Alpine style in Himalayan Range means that the packs are very heavy. If you follow the unwritten rules, you are not supposed to climb on your route before, you are not supposed to fix any ropes. Then you can figure out what your load will look like and you can imagine what you will look like under such a load.
The glacier looked OK, fallen seracs covered all possible crevasses so we were only looking up if anything else might be coming down. We started to climb on the right side of the rocky rib. We found right away.... The slope is steep and covered by ice. And the packs are more than heavy. We tried to keep as close to the rib as possible in case something falls. And things were falling indeed! Rocks as well as pieces of ice of all sizes. Things got much worse on the top of the first rocky section. We followed the advise of Spanish climbers and traversed to the left side of the rib. I do not think it was smart. Now we have lost at least vague protection near the rocks and we were completely opened to anything falling from above (on the way down, we were rappelling on the right side all the way). Each of us got hit several times not counting the missiles smaller than five centimeters in diameter. Our only protection was helmet, heavy pack and the angels. Each of us climbed this 55-60% ice slope by himself, the rope would only slow things down.
The first possible camp was high and we did not want to repeat our experience from Pungpa Ri where we had to chop the ledges for the night. Such a situation would most likely force us to abandon the climb. After many hours of continuous climbing without a chance to stop and take off the pack, we reached the narrow ridge behind the second rocky tower.

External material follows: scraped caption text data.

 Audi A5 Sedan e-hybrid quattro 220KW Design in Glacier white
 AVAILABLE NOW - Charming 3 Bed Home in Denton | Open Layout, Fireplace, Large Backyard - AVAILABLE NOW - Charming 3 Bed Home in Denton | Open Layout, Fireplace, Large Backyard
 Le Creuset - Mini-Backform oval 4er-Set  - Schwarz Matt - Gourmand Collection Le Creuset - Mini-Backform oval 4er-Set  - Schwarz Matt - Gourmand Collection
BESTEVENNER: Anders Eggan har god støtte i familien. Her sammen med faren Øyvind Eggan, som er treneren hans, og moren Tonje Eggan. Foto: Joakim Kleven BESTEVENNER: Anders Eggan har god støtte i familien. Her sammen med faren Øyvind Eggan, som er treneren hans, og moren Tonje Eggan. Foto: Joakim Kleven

I would call it off for the day but the rest of the team decided to climb higher and find descent platform for the night. Zdenek took the shovel, I followed everyone in my own slow pace and joined them in the hole which was supposed to be the best place for the camp. The place was nice - nice to look at the picture in the book but for the night? It was a hole under the serac but not under the vertical cliff, the "ceiling" of the serac was almost horizontal, regular roof. And in the middle of it was, guess what. Huge boulder. And our tent was directly under it, there was no other option. I guess we were too tired to think about it. My only concern was that I did not want to have my head directly under it as it would matter. If the boulder was supposed to fall and destroy my feet, there is no way anyone would rescue me from there. Zdenek opted for "fast death" in case.....and slept with his head directly under. This is another "thing" about alpine style - any small health problem or injury turns into major complication with uncertain outcome.

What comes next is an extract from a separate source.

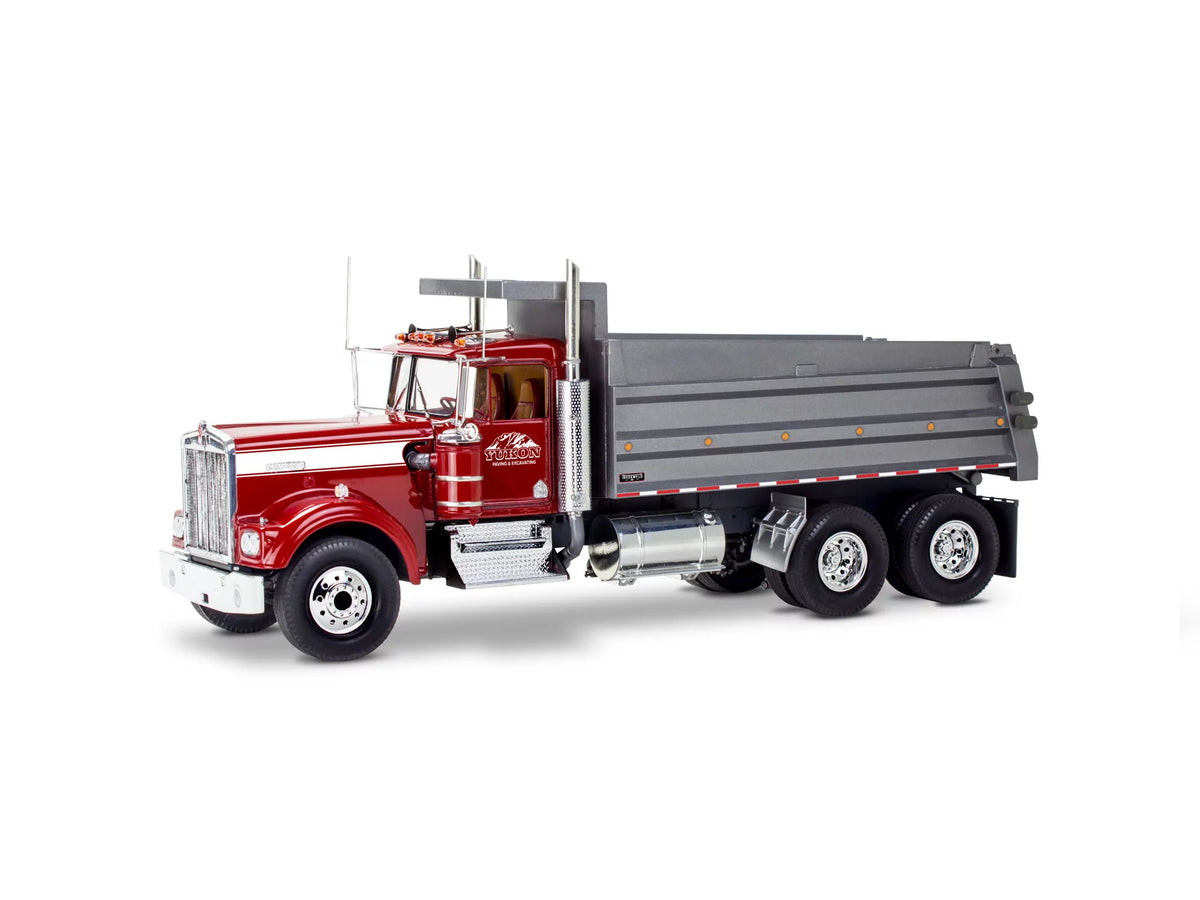 Kenworth W-900 dumptruck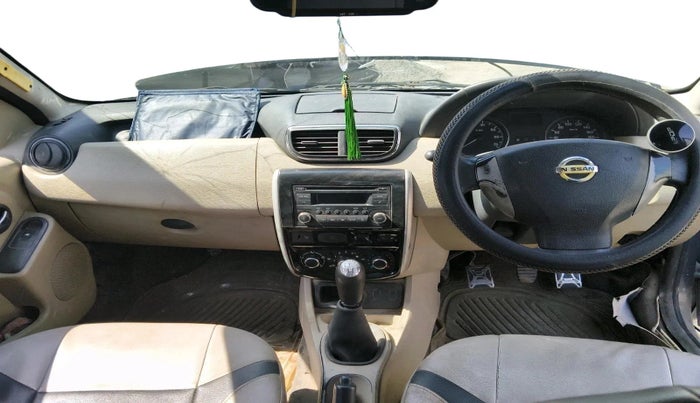 2013 Nissan Terrano XL (D), Diesel, Manual, 1,80,580 km, interior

We spent relatively comfortable night and started fairly early in the morning into what would be nice and warm day. Even at this altitude of about 6800m, it gets very warm and the climbing can be quite pleasant. The slope was as steep as the day before and we were shooting for altitude of about 7000m where ledge for good camp has been advertised. It took us only about 3 hours of climbing and at least another 3 hours of shovelling the narrow ledge on steep, snowy ridge which divides lower and upper couloirs. And least it was not hard ice like on Punga Ri. Miska fixed our only rope into the traverse, the help which was appreciated by all of us in the middle of night when we started to climb for the summit as well as on our return.

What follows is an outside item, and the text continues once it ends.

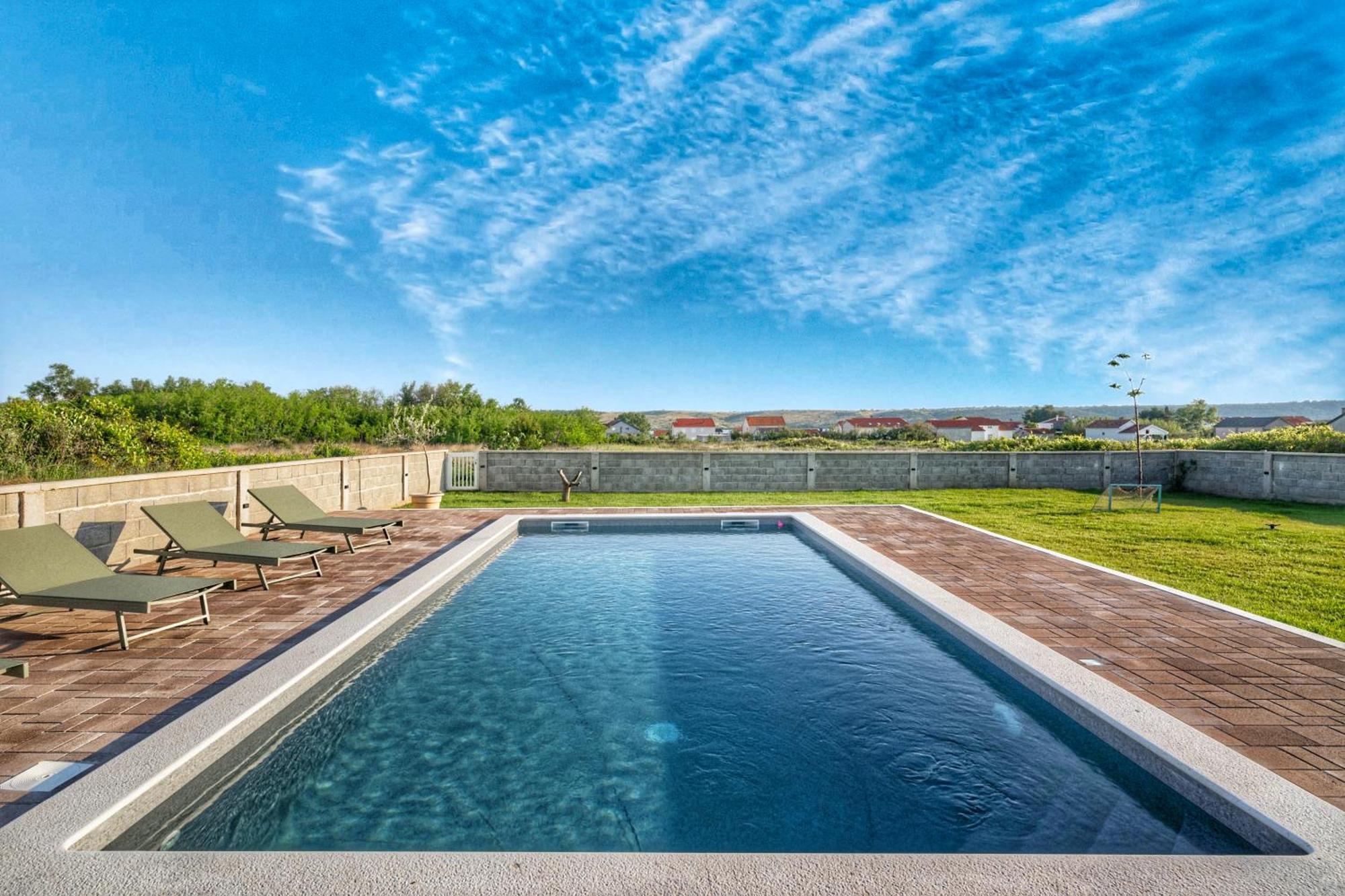 House Rose With Garden And Pool Villa Ljubac  Exterior photo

Evening was calm and the sky with no high clouds was very promising. We spotted however narrow couloir in the middle of "our" upper couloir filled with "moving" powder snow. We thought it is caused by afternoon warmth and that it will stop after dark.
- Martin Minarik (top of the page)
We started to get ready around midnight and left into windy night shortly after 2am. We went by the "Chinese time" by which the sunrise is around 8am. Therefore we knew that we will be climbing for 6 hours in the dark. Moon did not show up this night and so we were completely dependent on our head lamps. Fortunately for us, they lasted!
Soon after the started, we were facing gusty wind which blew the snow around in all directions. Not only snow, small rocks and pieces of ice, too. Again, at the certain whistle, we had to cover up and hope the "missiles" will just go by us. It was more difficult than in previous two days, this time we did not see what is coming and from where.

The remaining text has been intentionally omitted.